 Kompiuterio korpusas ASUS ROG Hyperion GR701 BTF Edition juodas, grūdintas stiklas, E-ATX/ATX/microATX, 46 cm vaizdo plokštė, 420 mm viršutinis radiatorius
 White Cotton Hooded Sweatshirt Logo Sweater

* * *

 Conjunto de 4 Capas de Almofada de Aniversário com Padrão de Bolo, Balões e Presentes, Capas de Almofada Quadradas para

==

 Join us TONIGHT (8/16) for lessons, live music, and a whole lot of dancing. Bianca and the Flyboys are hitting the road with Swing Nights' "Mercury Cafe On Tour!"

→ **Task brief**:
Retype exactly, and only, the lines above from the one where "Kompiuterio korpusas ASUS" occurs up to and including the one where "White Cotton Hooded Sweatshirt Logo Sweater" occurs.

→ **Solution for this problem**:
 Kompiuterio korpusas ASUS ROG Hyperion GR701 BTF Edition juodas, grūdintas stiklas, E-ATX/ATX/microATX, 46 cm vaizdo plokštė, 420 mm viršutinis radiatorius
 White Cotton Hooded Sweatshirt Logo Sweater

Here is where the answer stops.